I turned thirty-seven years old this month. I am a parent to three young children. I live 5,527 miles away from the place where I was born and the place where my own parents are.

Last Sunday at church, I’d had it. Unfortunately, I had chosen a seat in the front row, where the whole world could see that I’d had it. We attend a great service, one oriented for families with young children, but my young children still get bored. Plus, they love the politics of musical chairs. So while the girls fight for chairs next to me and the affection of one of my arms, my son remembers I am there and wriggles off my husband’s lap to toddle over to me, hands upraised. I can’t offer my arms to the girls and pull him onto my lap, so I let the girls go. While he sits there, leaning on me like a Lazyboy, I can’t breathe, because my belly is twenty-four weeks pregnant with a fourth child.

The daughter on my left finds a way to huddle in, anyway, and the rough glitter glued to her flats rubs against my hot-pink, nylon leggings. Hot pink on me is a rarity, so I love them. After about four or five rubs, I ask her to move her feet away from mine. After about four or five more, I bark. The daughter on my right keeps chattering through the prayers.

As distracting as this all is, this Sunday morning tradition that makes it so hard for me to enjoy church, I am not distracted from worshipping. I am distracted from worrying about things on the home front. I hate Sundays because they are too quiet. I am forced to slow down with the rest of the family and find myself confronted with the things we shove away the rest of the week in the hectic, in the hubbub, in the haste.

My eyes well up with tears and I am so angry at myself for sitting in the front row. I want to flee. There are rooms beyond this one that are quiet and emptier, but I cannot surmise a route that won’t pass people I know who love me and will ask me how I am doing. I don’t want to talk about how I am doing.

While I am trying not to cry in the front row of the service, I am overtaken by a wave of old grief. At a moment like now, of all moments, I feel orphaned. Feelings have crept in that I don’t like to acknowledge: feelings about being young and completely on my own.

This is the price we pay when we move to the other side of the world. My father is still alive, but I do not have my father. He is a half a world away, a few miles from the place where my mom is buried. My mom died six years ago. I cannot call her anymore. That’s how it feels to be abroad and lose my mother. On days like these, that lack of access finally feels painful.

Wary of self-pity, I ask myself if I am right to be feeling this way at thirty-seven: high time that I should be all grown up. High time that I accept that adult life is about deferment, responsibility and the duty of self-sufficiency. I am a parent myself, for crying out loud. Just look at me sitting here, as big as a whale, pawing off three offspring.
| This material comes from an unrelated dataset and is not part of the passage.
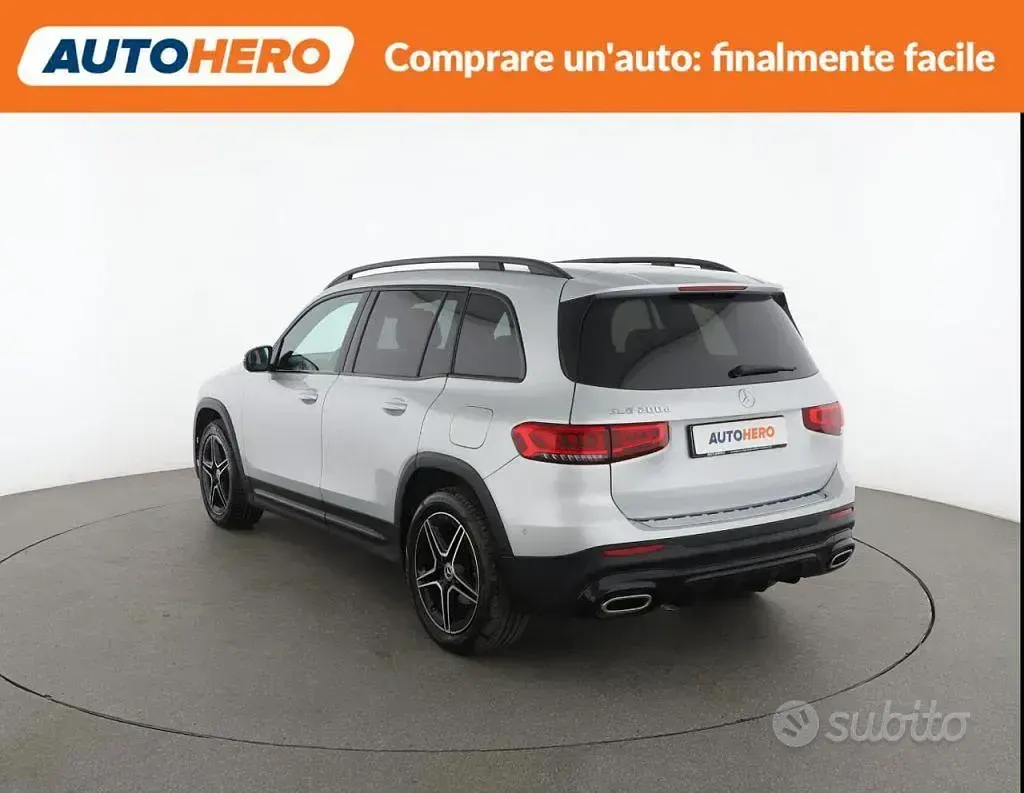 Usata Mercedes GLB200 150 CV (110 kW) 2023 Grigio SUV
As I sit among the people at church, trying to avoid their eyes, I remember those within these walls who have come and gone before them. They remind me that I have never stopped searching for new parents. The compass in my heart gravitates toward couples some generations ahead: smiling, loving, wise people of faith with open arms. I have made the mistake of using them to find my north. At the age of thirty-seven, six years beyond my mother’s passing, I have learned that these relationships bear short-lived fruit. I have learned that I cannot depend on other people to fill the gap. But the reminder is painful. I am so keenly aware of the blaring orphanage in my heart – a whole history of moments when parents were missed and I sufficed, without them.

On the way home from church that day my husband says that we didn’t see a friend there because she had been on the phone with her mother. The friend is older, with teenage children. Her mother lives in another country. She still calls her. I am right to be feeling this way. Thirty-seven-year-old pregnant mothers of small children living abroad will feel like they’ve had it and still want to talk to their mothers.

At moments like these, when the compass needle begins to tremble and point north, it takes the grown-up in me to look past the “parents” on offer and to keep seeking north. God is my only comfort. He is the burning bush before which I bow down. His flames are afire and never singeing. The fire holds the hectic, hubbub and haste at bay, promising shelter to deal with the things they’ve kept hidden.

It is a lonely place, prostrate on holy ground. My pain and grief do not seem to lessen. But at some point, I am able to stand up again. I give thanks, and then I go on.